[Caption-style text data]
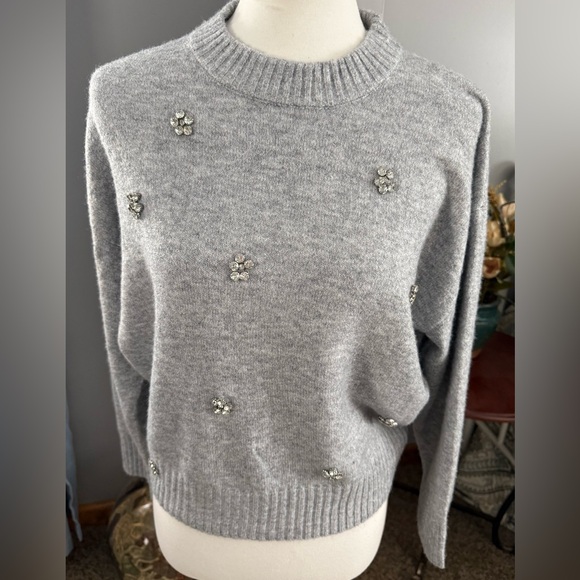 Free Assembly Sweaters - Woman’s Free Assembly Embellished Heather gray sweater size 0/2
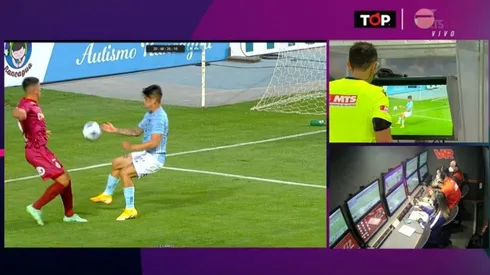 En la jugada se ve claramente como le da el balón al defensa de O'Higgins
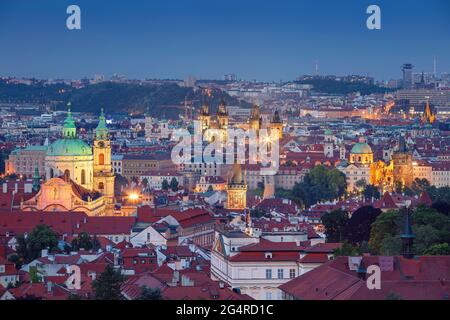 Prager Altstadt. Luftbild von Prag, Hauptstadt der Tschechischen Republik mit der Kirche unserer Lieben Frau vor Tyn, Altstädter Brückenturm und P Stockfoto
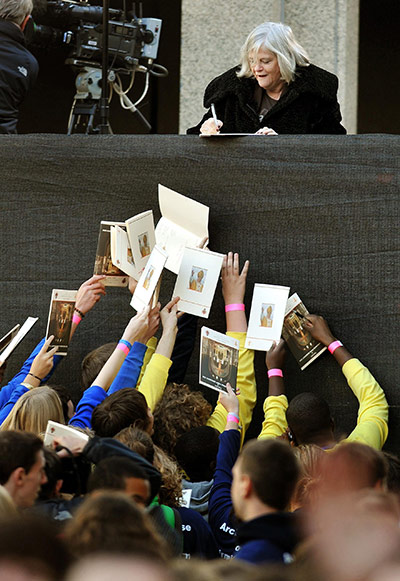 Pope Day 2: Anne Widdecombe signs autographs before Pope Benedict XVI arrives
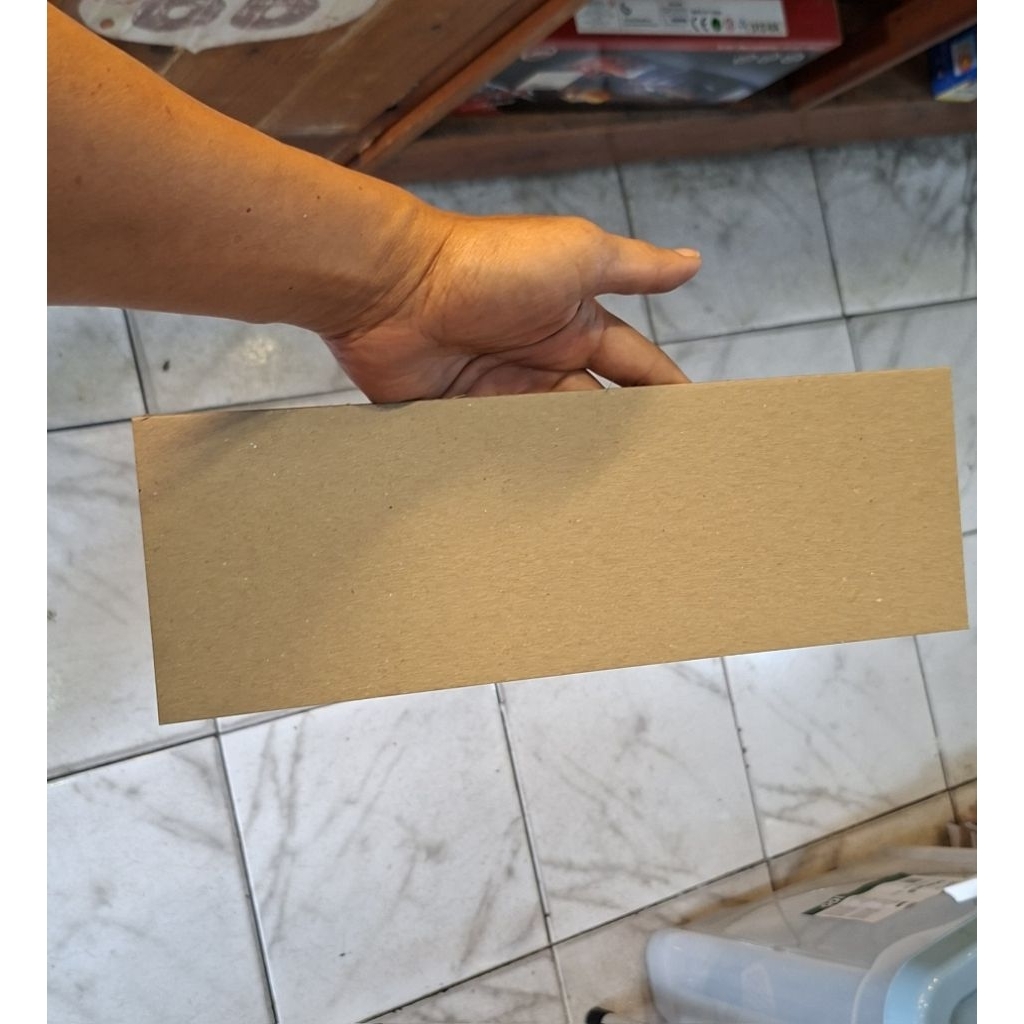 Kertas karton duplek tebal 2mm bahan kerajinan tangan.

→ Problem requirements
Restate the entries above word for word, and keep the pictures out.

→ Answer area
 Free Assembly Sweaters - Woman’s Free Assembly Embellished Heather gray sweater size 0/2
 En la jugada se ve claramente como le da el balón al defensa de O'Higgins
 Prager Altstadt. Luftbild von Prag, Hauptstadt der Tschechischen Republik mit der Kirche unserer Lieben Frau vor Tyn, Altstädter Brückenturm und P Stockfoto
 Pope Day 2: Anne Widdecombe signs autographs before Pope Benedict XVI arrives
 Kertas karton duplek tebal 2mm bahan kerajinan tangan.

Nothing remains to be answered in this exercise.